### What is needed
Reproduce verbatim the line where "3 пары милых" occurs, along with all following lines down to the last line of the data.

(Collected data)
★ ★ ★

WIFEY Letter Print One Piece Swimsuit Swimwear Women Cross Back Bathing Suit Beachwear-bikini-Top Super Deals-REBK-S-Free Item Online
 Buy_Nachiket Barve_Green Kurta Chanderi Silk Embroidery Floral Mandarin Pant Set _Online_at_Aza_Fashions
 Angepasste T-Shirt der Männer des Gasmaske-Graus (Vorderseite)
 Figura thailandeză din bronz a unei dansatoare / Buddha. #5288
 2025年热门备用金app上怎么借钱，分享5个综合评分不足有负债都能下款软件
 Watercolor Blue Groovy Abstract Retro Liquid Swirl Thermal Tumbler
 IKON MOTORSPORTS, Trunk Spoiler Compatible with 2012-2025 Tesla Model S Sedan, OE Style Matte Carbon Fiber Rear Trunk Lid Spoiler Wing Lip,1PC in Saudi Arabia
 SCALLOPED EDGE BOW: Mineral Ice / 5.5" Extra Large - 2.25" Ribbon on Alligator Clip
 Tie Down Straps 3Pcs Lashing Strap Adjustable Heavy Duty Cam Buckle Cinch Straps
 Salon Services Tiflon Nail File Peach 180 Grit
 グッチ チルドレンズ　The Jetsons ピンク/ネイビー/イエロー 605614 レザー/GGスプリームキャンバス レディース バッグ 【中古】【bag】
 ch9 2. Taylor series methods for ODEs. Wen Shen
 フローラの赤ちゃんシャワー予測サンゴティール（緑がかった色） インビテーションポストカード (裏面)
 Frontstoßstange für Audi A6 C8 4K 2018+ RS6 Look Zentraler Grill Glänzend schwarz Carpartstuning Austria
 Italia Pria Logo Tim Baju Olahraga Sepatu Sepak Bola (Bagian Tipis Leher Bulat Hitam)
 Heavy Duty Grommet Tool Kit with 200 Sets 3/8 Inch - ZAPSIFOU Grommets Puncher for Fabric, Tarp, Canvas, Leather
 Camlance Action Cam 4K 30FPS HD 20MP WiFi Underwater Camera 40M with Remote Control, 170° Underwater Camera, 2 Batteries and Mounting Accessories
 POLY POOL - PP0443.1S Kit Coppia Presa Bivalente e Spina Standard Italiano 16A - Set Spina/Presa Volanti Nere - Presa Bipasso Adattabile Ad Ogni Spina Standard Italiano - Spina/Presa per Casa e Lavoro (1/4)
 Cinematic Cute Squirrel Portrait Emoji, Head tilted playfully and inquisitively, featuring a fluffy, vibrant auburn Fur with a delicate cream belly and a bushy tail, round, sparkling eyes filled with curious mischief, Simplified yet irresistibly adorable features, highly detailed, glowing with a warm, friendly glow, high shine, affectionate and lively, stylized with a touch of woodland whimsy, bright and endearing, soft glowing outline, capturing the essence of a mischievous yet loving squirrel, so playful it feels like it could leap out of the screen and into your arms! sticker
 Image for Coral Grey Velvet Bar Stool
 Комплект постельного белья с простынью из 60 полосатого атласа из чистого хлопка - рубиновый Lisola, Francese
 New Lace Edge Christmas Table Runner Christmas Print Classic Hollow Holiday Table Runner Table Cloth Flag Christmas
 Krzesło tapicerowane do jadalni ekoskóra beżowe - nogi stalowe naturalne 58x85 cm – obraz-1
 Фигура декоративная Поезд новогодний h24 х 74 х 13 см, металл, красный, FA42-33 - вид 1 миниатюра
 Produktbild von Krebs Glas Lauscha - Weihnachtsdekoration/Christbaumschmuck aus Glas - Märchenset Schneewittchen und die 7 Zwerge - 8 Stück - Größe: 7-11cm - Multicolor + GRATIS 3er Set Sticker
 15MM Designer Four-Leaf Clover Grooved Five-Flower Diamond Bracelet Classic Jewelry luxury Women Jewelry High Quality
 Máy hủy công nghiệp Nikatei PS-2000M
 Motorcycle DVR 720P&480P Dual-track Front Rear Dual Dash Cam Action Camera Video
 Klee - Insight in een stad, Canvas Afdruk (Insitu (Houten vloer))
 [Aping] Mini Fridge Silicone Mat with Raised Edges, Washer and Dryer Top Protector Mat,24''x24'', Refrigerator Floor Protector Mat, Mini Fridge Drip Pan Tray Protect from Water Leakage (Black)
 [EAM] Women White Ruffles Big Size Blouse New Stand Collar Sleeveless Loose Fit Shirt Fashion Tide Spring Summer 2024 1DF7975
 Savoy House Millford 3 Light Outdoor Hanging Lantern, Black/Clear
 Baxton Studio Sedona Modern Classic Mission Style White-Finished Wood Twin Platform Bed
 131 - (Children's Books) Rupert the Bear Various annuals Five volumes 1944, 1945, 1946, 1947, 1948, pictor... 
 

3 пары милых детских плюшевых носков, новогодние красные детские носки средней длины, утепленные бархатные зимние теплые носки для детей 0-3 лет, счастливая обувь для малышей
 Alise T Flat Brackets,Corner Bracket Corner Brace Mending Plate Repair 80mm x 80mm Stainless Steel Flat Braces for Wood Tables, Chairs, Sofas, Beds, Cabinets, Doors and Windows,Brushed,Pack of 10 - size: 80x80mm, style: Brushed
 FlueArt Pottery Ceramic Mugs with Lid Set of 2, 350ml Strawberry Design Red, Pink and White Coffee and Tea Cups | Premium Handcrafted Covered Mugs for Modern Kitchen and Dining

★ ★ ★

### Result for this task
3 пары милых детских плюшевых носков, новогодние красные детские носки средней длины, утепленные бархатные зимние теплые носки для детей 0-3 лет, счастливая обувь для малышей
 Alise T Flat Brackets,Corner Bracket Corner Brace Mending Plate Repair 80mm x 80mm Stainless Steel Flat Braces for Wood Tables, Chairs, Sofas, Beds, Cabinets, Doors and Windows,Brushed,Pack of 10 - size: 80x80mm, style: Brushed
 FlueArt Pottery Ceramic Mugs with Lid Set of 2, 350ml Strawberry Design Red, Pink and White Coffee and Tea Cups | Premium Handcrafted Covered Mugs for Modern Kitchen and Dining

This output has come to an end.